I’m proud of the early episodes too with Rosie Jones and Richard Osman when we were working out what the podcast was – we started strong! – and then if you fast-forward to this week, Deborah Meaden’s episode is an absolute cracker.
What can listeners expect from the podcast?
The way I describe it is as the only podcast where the worlds of work, comedy and well-being collide; the podcast where the life-changing stuff happens.
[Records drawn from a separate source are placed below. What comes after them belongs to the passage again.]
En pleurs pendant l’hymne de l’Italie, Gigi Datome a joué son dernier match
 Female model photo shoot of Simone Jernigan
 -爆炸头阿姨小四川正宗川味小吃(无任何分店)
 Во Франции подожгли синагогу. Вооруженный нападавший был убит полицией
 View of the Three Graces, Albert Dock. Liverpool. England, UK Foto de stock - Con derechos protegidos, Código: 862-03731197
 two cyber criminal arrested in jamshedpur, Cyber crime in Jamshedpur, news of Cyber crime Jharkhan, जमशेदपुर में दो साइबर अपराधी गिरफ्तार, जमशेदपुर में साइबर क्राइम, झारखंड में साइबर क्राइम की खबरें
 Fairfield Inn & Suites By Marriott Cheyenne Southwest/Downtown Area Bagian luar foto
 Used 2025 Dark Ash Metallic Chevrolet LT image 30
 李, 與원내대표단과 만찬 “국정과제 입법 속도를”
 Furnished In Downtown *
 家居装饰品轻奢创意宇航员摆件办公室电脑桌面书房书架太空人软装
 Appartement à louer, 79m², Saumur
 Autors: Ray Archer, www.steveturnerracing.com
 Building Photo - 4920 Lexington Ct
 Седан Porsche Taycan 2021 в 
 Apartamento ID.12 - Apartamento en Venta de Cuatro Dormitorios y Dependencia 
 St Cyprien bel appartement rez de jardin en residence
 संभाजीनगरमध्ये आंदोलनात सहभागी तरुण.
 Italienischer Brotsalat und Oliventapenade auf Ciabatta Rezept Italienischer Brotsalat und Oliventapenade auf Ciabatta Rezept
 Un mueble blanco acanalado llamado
Think Desert Island Discs, in terms of depth of interview and life/death revelations, but without the music and with more laughs along the way. One of the things that makes the podcast most stand out is how vulnerable, open and honest our guests end up being – we don’t want just to uncover the stories we’ve all heard or read about before; we go further than that, unlocking the more surprising and arresting (not literally!) stories.
There’s a lot of laughing and sometimes crying. Each episode culminates in our guest identifying three things: their own Namaste Mother**king life-changing moment, their favourite joke, and the life advice they most want our listeners to hear. So as well as feeling good, listeners have things to take away too.
With a career as extensive and varied as yours, what’s your main piece of advice for anyone trying to break into the entertainment industry?
That a no isn’t necessarily a no, so try not to get dispirited or take no for an answer. Find another, creative way in and if what you’re doing’s not working, try something else. And treat everyone well who you meet on the way up, because they’ll remember that when you meet them again on the way down.
What’s next for you this year?
We have some fabulous podcast guests coming up including: Deborah Meaden, Kirsty Wark, Mariella Frostrup, Richard Coles and Philippa Perry. It’s our 100th episode in March which we’ll be marking with a star-studded compilation of our most famous and popular guests’ life-changing moments – big names, sharing their wow moments.
We have some live shows planned for later in the year and there’s even a Namaste Motherf**king book in the works! Outside of the podcast, I’ll be busy gigging at clubs up and down the country, as well as hosting corporate events and awards shows. I’ve even surprised myself by becoming popular on TikTok – so I’ll keep that up, if only to embarrass the kids.